#### RECORDS TO PROCESS
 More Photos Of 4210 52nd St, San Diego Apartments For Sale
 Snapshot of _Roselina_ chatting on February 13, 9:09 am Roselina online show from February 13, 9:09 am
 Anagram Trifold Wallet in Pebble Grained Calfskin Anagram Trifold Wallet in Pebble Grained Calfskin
########
#### RECORDS TO PROCESS
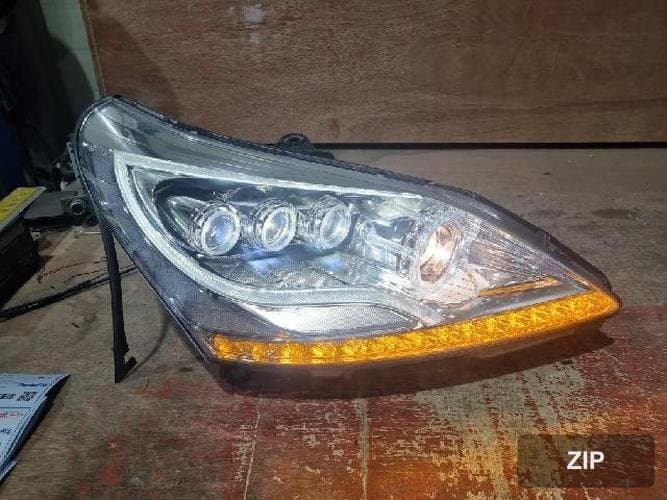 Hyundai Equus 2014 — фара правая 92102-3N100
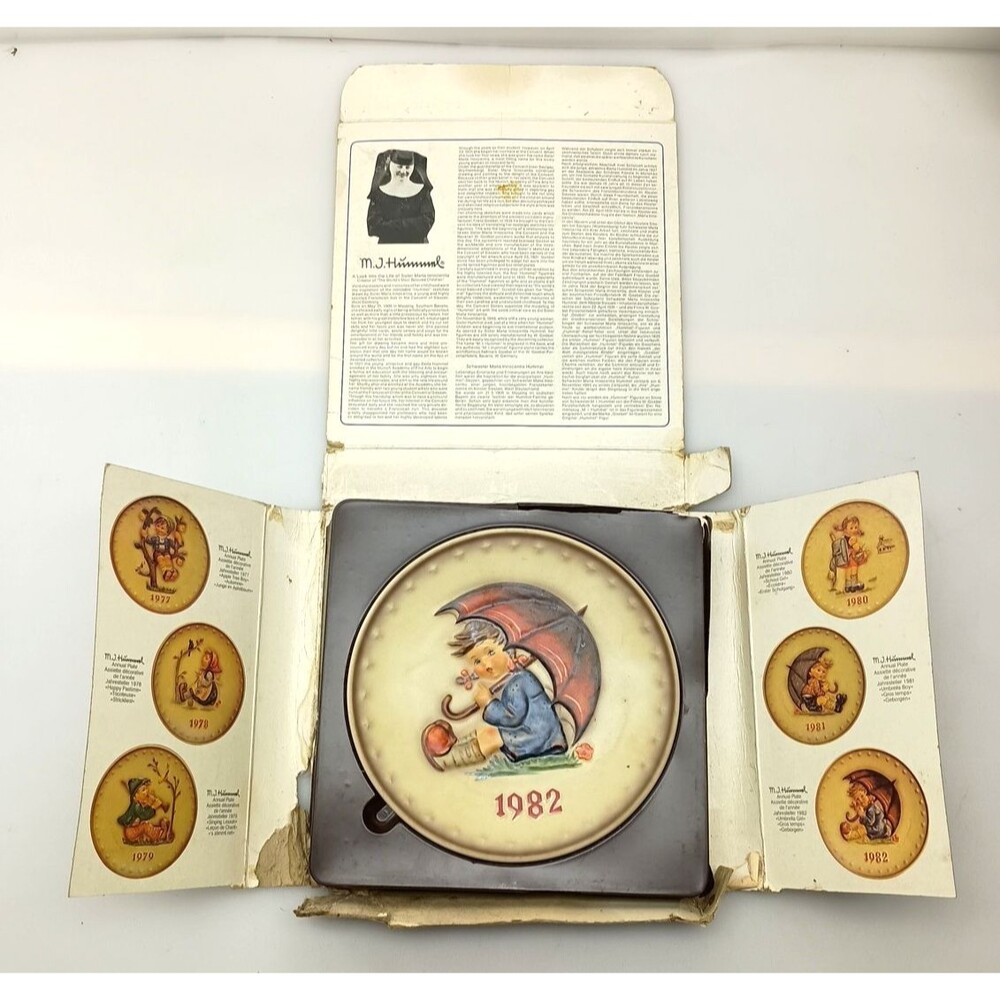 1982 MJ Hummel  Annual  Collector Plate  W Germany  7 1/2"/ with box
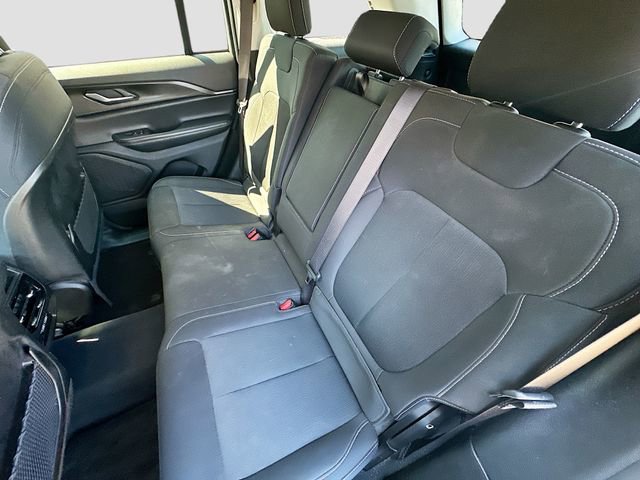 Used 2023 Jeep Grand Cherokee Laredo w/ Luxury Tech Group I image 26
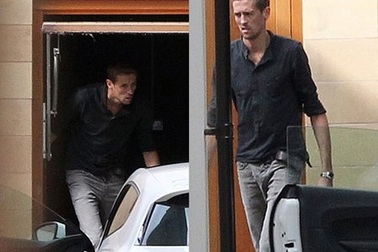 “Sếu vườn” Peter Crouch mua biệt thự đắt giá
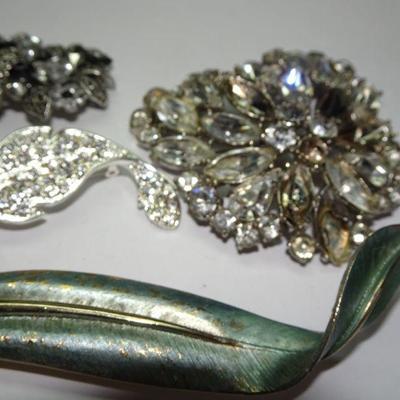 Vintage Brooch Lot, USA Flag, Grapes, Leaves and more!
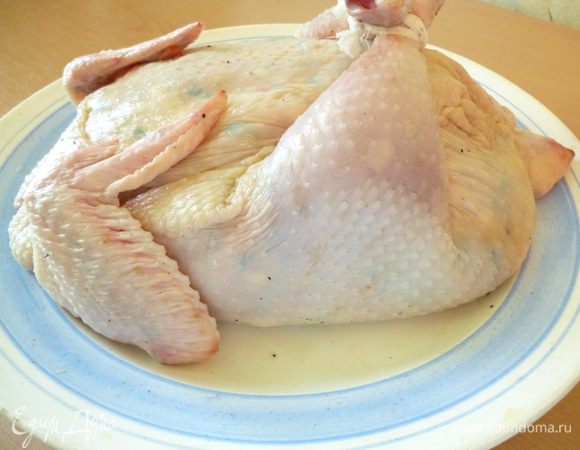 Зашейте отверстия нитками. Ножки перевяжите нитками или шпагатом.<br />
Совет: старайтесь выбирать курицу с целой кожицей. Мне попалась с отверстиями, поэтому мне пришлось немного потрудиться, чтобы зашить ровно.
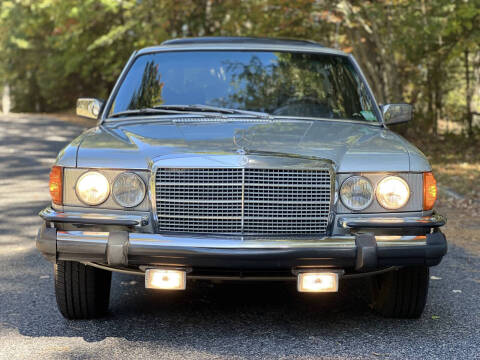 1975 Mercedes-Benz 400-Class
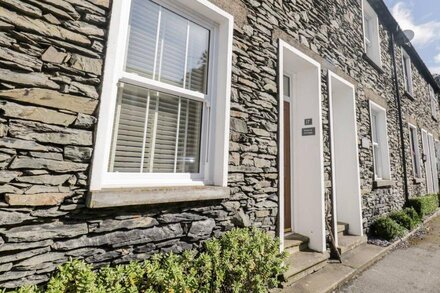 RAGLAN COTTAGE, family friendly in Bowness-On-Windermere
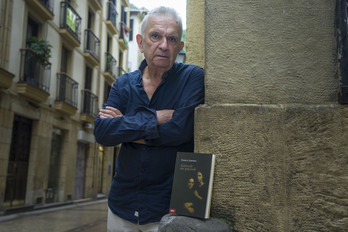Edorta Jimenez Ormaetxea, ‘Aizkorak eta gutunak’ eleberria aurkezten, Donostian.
########
#### RECORDS TO PROCESS
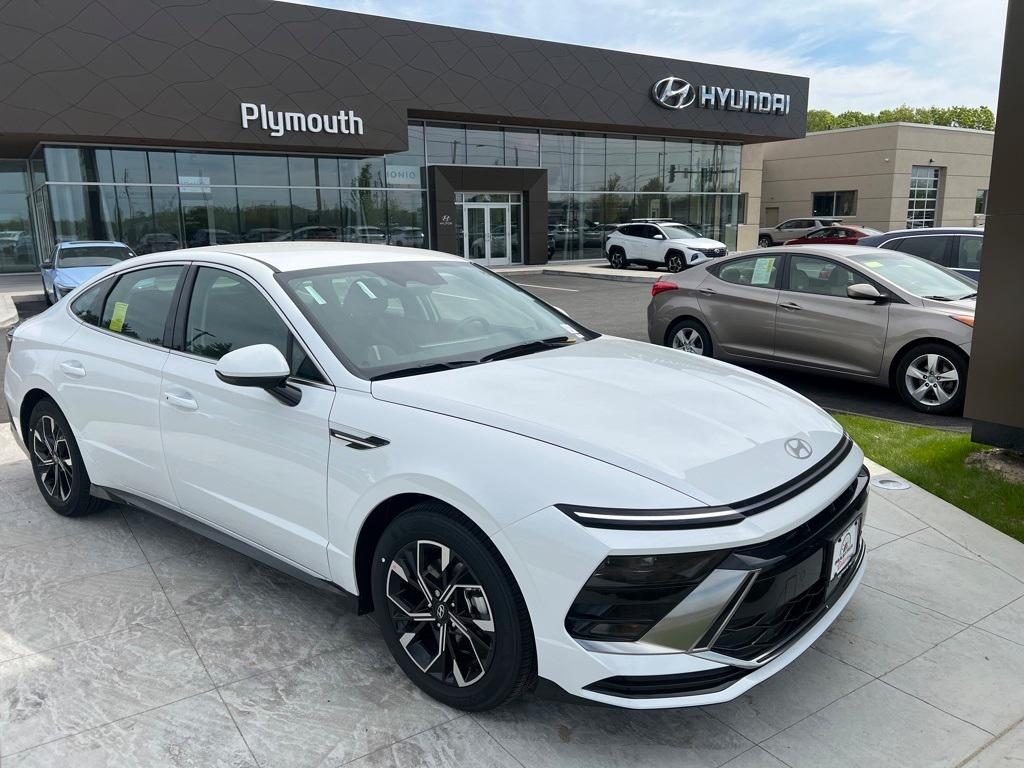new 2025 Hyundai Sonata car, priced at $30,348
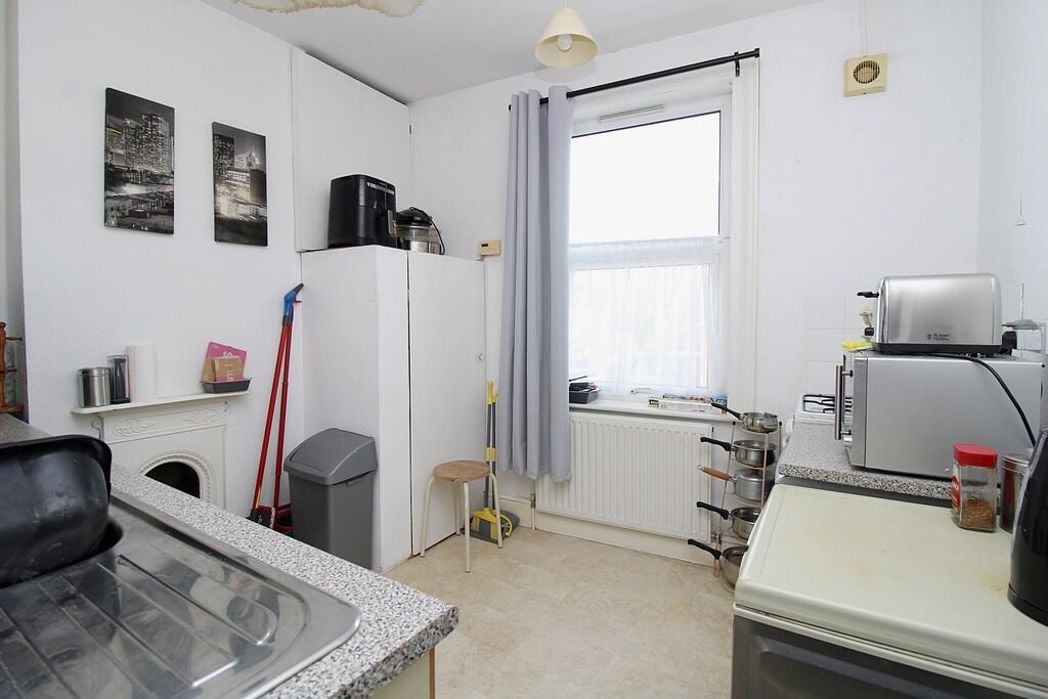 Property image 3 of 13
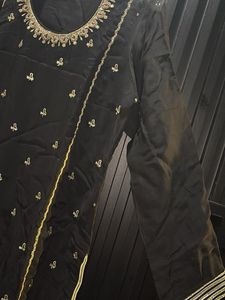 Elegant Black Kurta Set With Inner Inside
########
> [WHAT TO PRODUCE] Copy word for word the lines of the records above from the one with "RAGLAN COTTAGE, family" up to and including the one with "Edorta Jimenez Ormaetxea, ‘Aizkorak". Skip the pictures.

> [RESULT]
 RAGLAN COTTAGE, family friendly in Bowness-On-Windermere
Edorta Jimenez Ormaetxea, ‘Aizkorak eta gutunak’ eleberria aurkezten, Donostian.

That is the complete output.